Notwithstanding the significant investments they’ve made in advertising and their direct interaction with clients, Yahoo! president Sue Decker and Microsoft’s Brian McAndrews positioned their companies as technology resources that make the Internet easier for consumers and marketers through new tools, systems and methodologies.
In short, they’re concentrating on the science of understanding consumer behavior on the Web while agencies focus on the art of creating impactful brand messages.
“With the digital revolution becoming more and more about science, it will continue to be about art, but science is becoming more and more important,” said McAndrews, svp, Microsoft Advertiser and Publisher Solutions. “We can really help take what is a very complex world and make it more understandable and simpler.”
Decker, who substituted for Yahoo! co-founder Jerry Yang in a question-and-answer session steered by Digitas CEO David Kenny, said: “We need to take the difficulty out of the process of finding the inventory, booking it, reconciling it, all sort of the boring parts of the industry — we need to automate that. The reason we need to do that is to free up time and unleash the ability of the industry to go create great creative messages.”
She added that a significant part of Yahoo!’s business comes from agencies and that the goal of interacting with clients and “all the members of the ecosystem” is to better understand the company’s core consumer.
Yang canceled his appearance to be with his wife, who gave birth this week. Decker briefly acknowledged the ongoing big news of Microsoft’s offer to buy Yahoo! (which Yahoo! has thus far spurned) but didn’t get into particulars. McAndrews didn’t mention the deal attempt.

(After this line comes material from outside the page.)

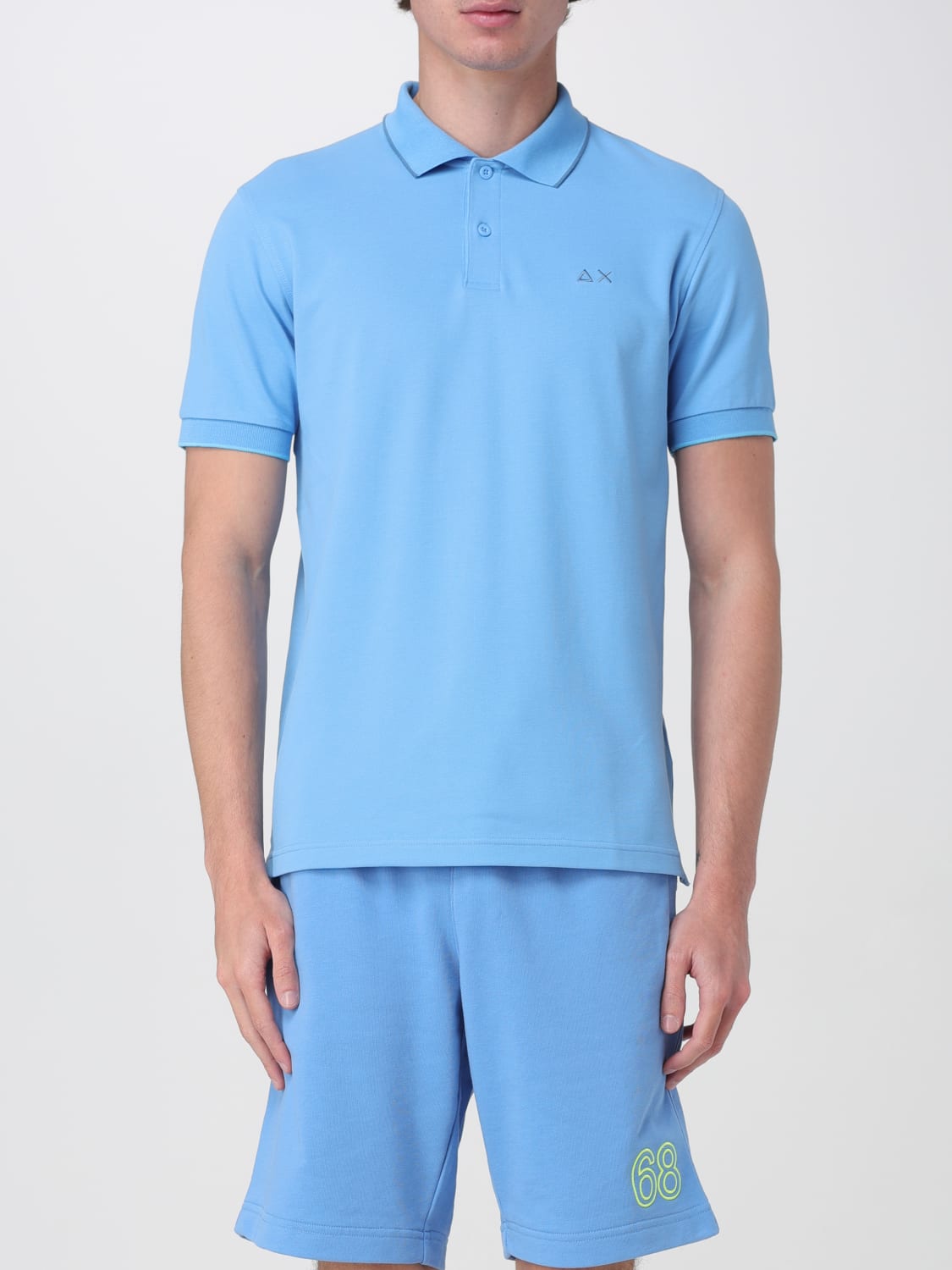 SUN68 POLO: Polo in cotone con mini logo SUN68, Avion - Img 1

Other speakers on the final day of the conference — the first under new president and CEO Nancy Hill — included Select Resources International CEO Catherine Bension, who talked about client expectations; Goodby, Silverstein & Partners’ Jeff Goodby, who reflected on the legacy of the late Hal Riney; and Anton Levy, managing director of General Atlantic, a private equity firm that last year invested in digital shop AKQA. Leaders from Anomaly, Fletcher Martin and Bartle Bogle Hegarty also put forth ideas on how to forge new compensation arrangements.
Levy said private equity firms remained interested in the marketing communications sector but the recent credit crunch had turned what had been a seller’s market into a buyer’s market. Asked about the prospect of such firms making a run at an advertising holding company, Levy said it was an interesting question but that he didn’t anticipate any such deals given “a lot of headwinds,” such as the tightening of credit. Rather, these firms may opt to make minority investments in holding company assets instead, Levy said.
Levy acknowledged that the economic downturn would have a significant impact on deal making that will likely continue into 2009: “Our view is that things are likely to get worse. I think we are in a challenging environment that’s putting a strain on the consumer. . . . That’s not a one or two quarter phenomenon. We’ll see that play out through the balance of this year, early next year.”
Notwithstanding the generally sour economic forecasts, incoming 4A’s chairman Tom Carroll ended the conference on a broadly optimistic note, saying, “We’re right in the middle of it all. It has to come through us. For our clients, [for] consumers, we’re right in the intersection of this incredibly dynamic change. And it’s something to be excited about.”